### Work request
Your answer must be an exact copy of the records, with no pictures included.

### Provided records
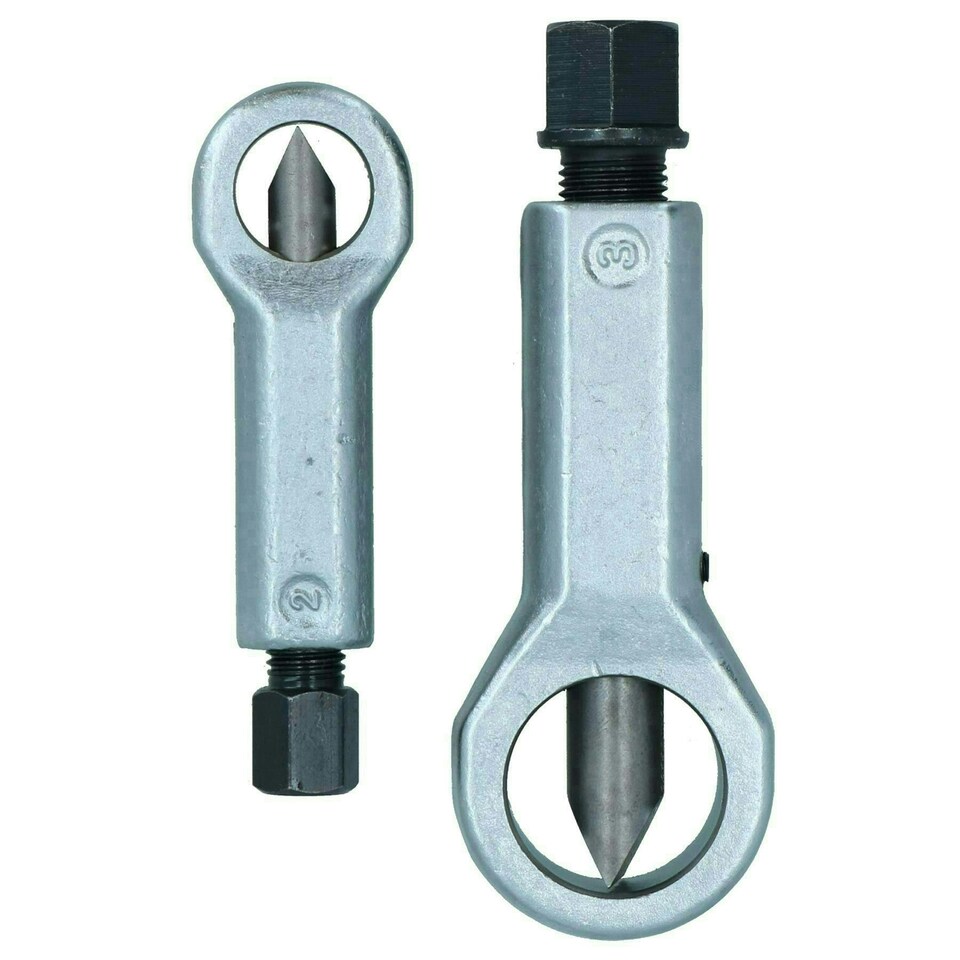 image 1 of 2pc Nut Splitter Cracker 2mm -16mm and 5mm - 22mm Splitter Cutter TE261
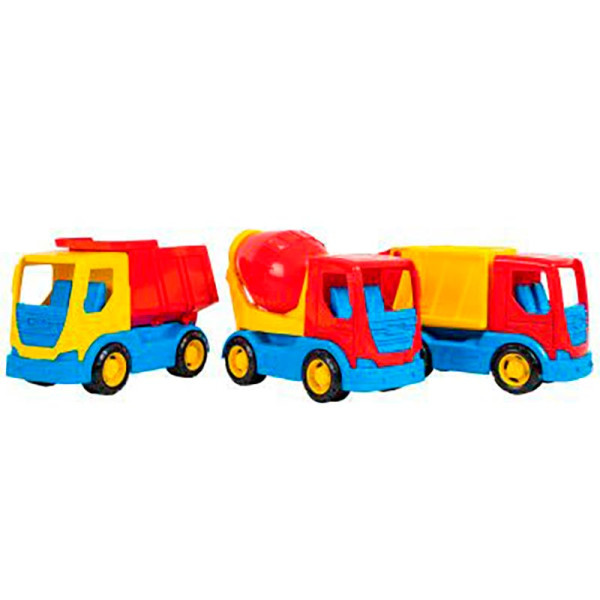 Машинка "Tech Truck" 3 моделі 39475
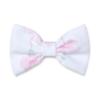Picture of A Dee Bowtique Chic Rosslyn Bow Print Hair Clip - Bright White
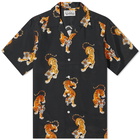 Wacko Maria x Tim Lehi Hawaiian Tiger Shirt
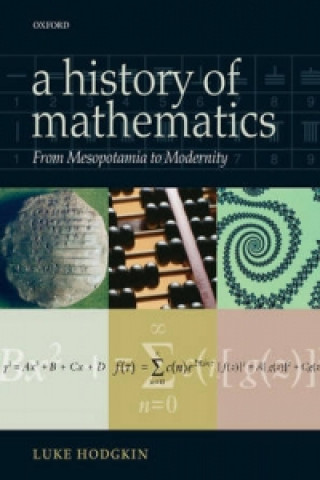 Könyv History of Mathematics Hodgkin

### Task output
 image 1 of 2pc Nut Splitter Cracker 2mm -16mm and 5mm - 22mm Splitter Cutter TE261
 Машинка "Tech Truck" 3 моделі 39475
Picture of A Dee Bowtique Chic Rosslyn Bow Print Hair Clip - Bright White
 Wacko Maria x Tim Lehi Hawaiian Tiger Shirt
 Könyv History of Mathematics Hodgkin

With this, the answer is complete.